Note that badpix_*_041104 tables cut off the chip edges (chipy=1-9) which
are affected by framestore vignetting. It is recommended that these tables
are applied to the science and background evt files and for the exposure map
calculation. However, a decision has been made to not filter out these
events by default, so the C,D background files are made with the *noedge
version of these tables, for consistency with CALDB. Thus, an extra
filtering step is required for these bg files.

badpixfilter in_evt.fits out_evt.fits ./badpix_C_041104

The binary is in the directories bin.*/ and the source in src/.


		4. Cosmic ray afterglows

Another species of "bad pixels", flickering pixels or cosmic ray afterglows
(generating up to 10-20 consecutive events in a single pixel), are excluded
from the B,C,D files (using a CIAO tool acis_detect_afterglow with default
settings). They add a negligible fraction to the total background
rate. These events can be excluded from the data by filling the respective
status bits and then filtering by those bits:

acis_detect_afterglow infile=in_evt.fits outfile=jnk
fcopy jnk"[events][status==bxxxxxxxxxxxx0000xxxxxxxxxxxxxxxx]" out_evt.fits

#### As of version 150606, I still have not switched to the new recommended
CIAO method of omitting acis_detect_afterglow and using acis_run_hotpix; but
it makes negligible difference as long as hot pixels are removed in both the
data and the background.


	        5. Streaks in chip S4 (and occasionally in other FI chips)

I ran 'destreak' (originally by John Houck, now part of CIAO) with default
settings on *ALL* FI chip data (as of ver. 200803 datasets) to remove those
bright soft streaks along chipx.  It removes most but not all of the streaks
in S4, so use S4 data below E<2 keV with care. Note that it should be run
with status set to 0, because the `destreak' result depends on the input
file and it does not consider events with status!=0 (e.g., if the VF status
bit was set). I simply rename the status column and create a fake status=0
column, run destreak, then rename the column back.
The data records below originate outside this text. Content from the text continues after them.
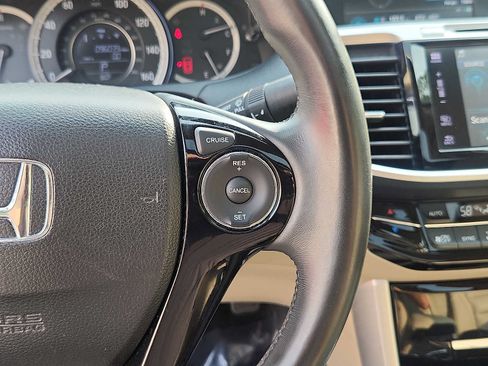 Used 2016 Honda Accord EX-L image 22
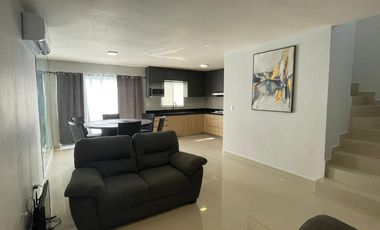 Casa-Quinta Venta CUMBRES LUX c Alberca y Palapa y Lujosas Amenidades en Colonia
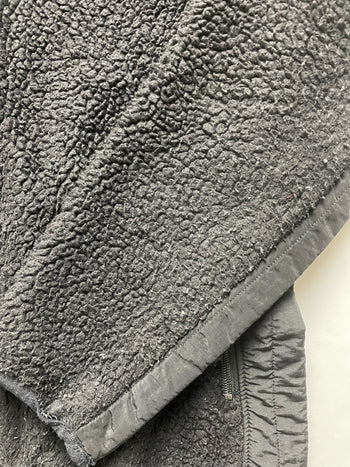 (M) Vintage Women’s Patagonia Synchilla Fleece Black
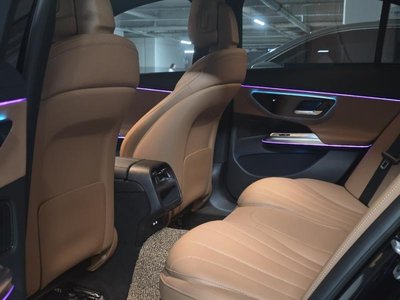 MERCEDES-BENZ E-CLASS - 9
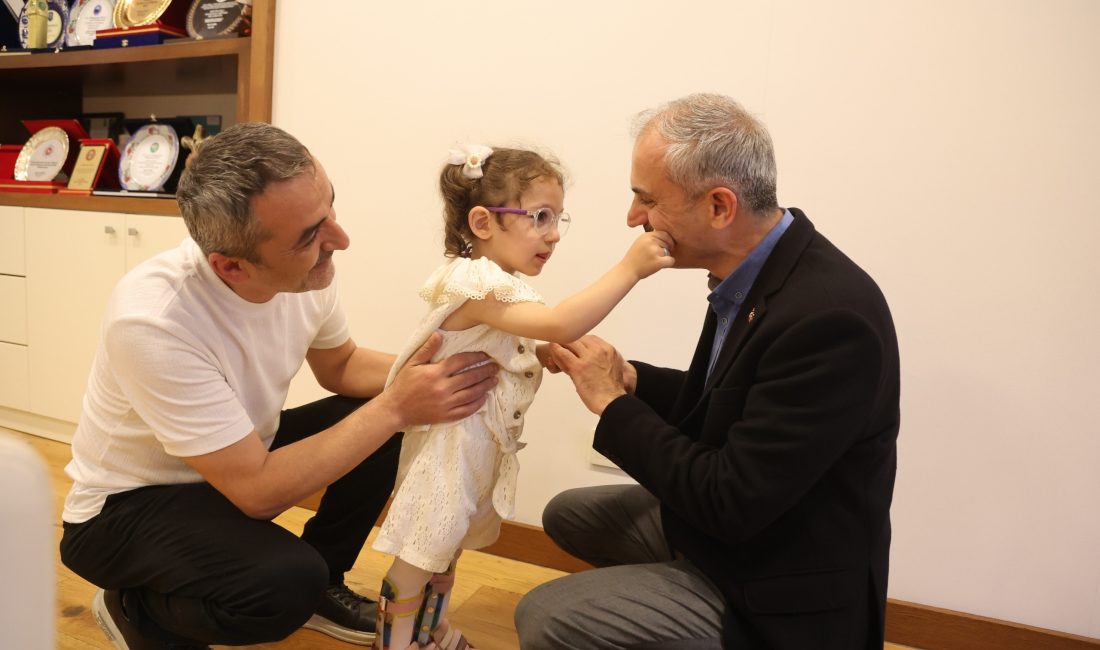 Çayırova Belediye Başkanı Bünyamin Çiftçi, babasının kendi imkanlarıyla plastik su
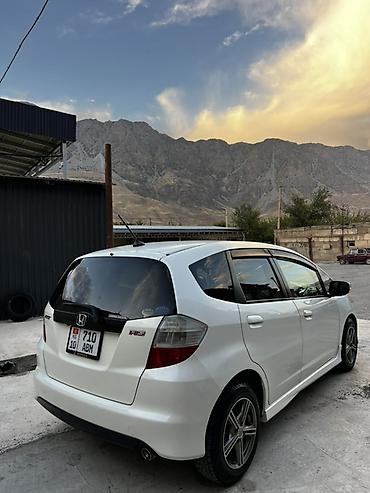 Honda: Honda Fit: 2008 г., 1.5 л, Вариатор, Бензин, Хэтчбэк — 4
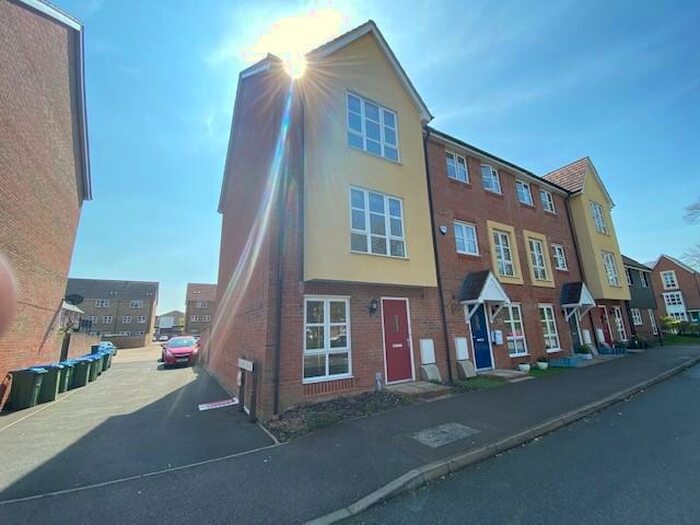4 Bedroom Town House To Rent In Loosley Green, Aylesbury, HP21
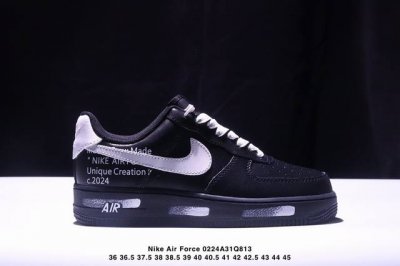 公司级耐克Nike Air Force 1“07空军一号低帮百搭休闲运动板鞋。柔软、弹性十足的缓震性能和出色的中底设计，横跨复古与现代的外型结合，造就出风靡全球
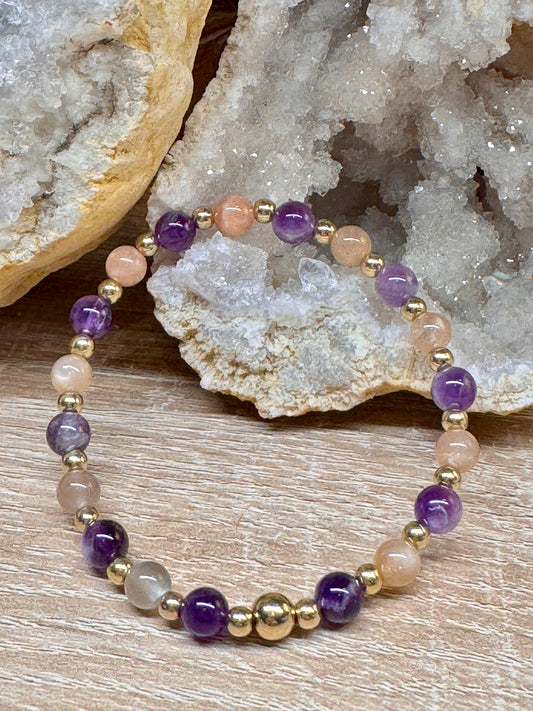 Bracelet "féminin sacré et paix"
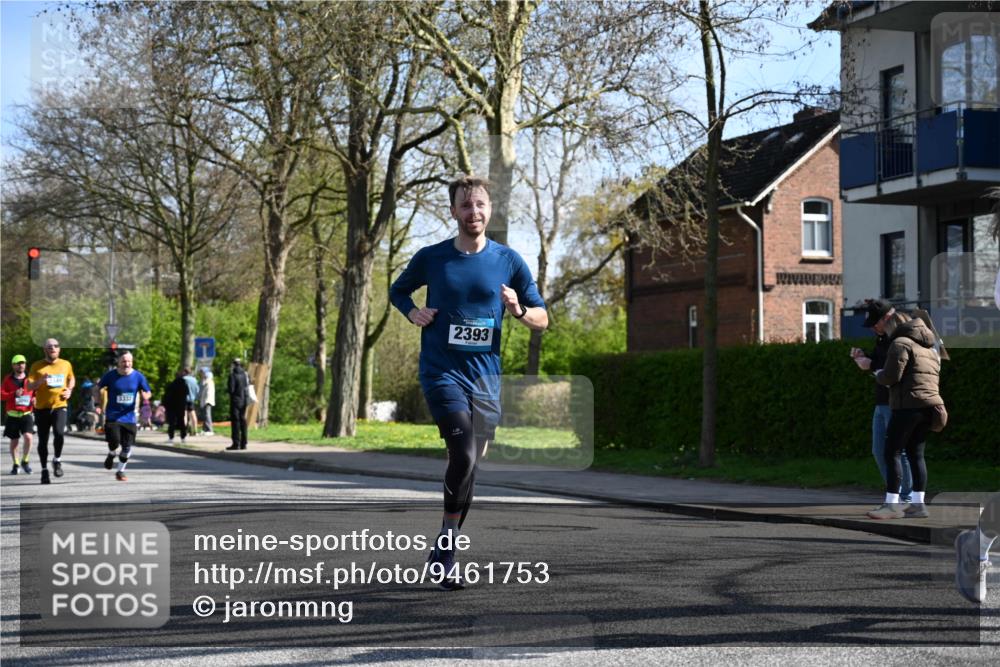 12.04.2026 - 45. Internationalen Wilhelmsburger Insellauf J. Mangold http://msf.ph/oto/9461753 12.04.2026 10:46:51 Ziel 3860, 5538, 4706, 4700, 5803, 2206, 5421, 5626, 3493, 3494, 3010, 3854, 2393, 2845, 3332, 3349, 4297, 3830, 3098, 5445, 4992, 3450, 5054, 2358, 4932 meine-sportfotos.de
### NEW IN CIAO 3.3: you can use option mask="" instead, which tells
destreak to use events with all status values.


		6. VFAINT mode

For observations performed in VF mode, one can reduce the background by
applying the A. Vikhlinin's filter (see the ACIS cal page, section
"Background", then "VF mode cleaning"). acis_process_events now has an
option 'check_vf_pha=yes' emulating the Vikhlinin's algorithm and filling in
a certain status bit. The period D files are composed of VF mode
observations and have this bit filled. One can run acis_process_events with
this option on their data and then filter both the data and the background
files:

fcopy in_evt.fits"[events][status==bxxxxxxxx0xxxxxxxxxxxxxxxxxxxxxxx]" out_evt.fits

As of ver. 271103, there are no other nonzero status bits left in the bg
event files, so one can just filter by status==b0.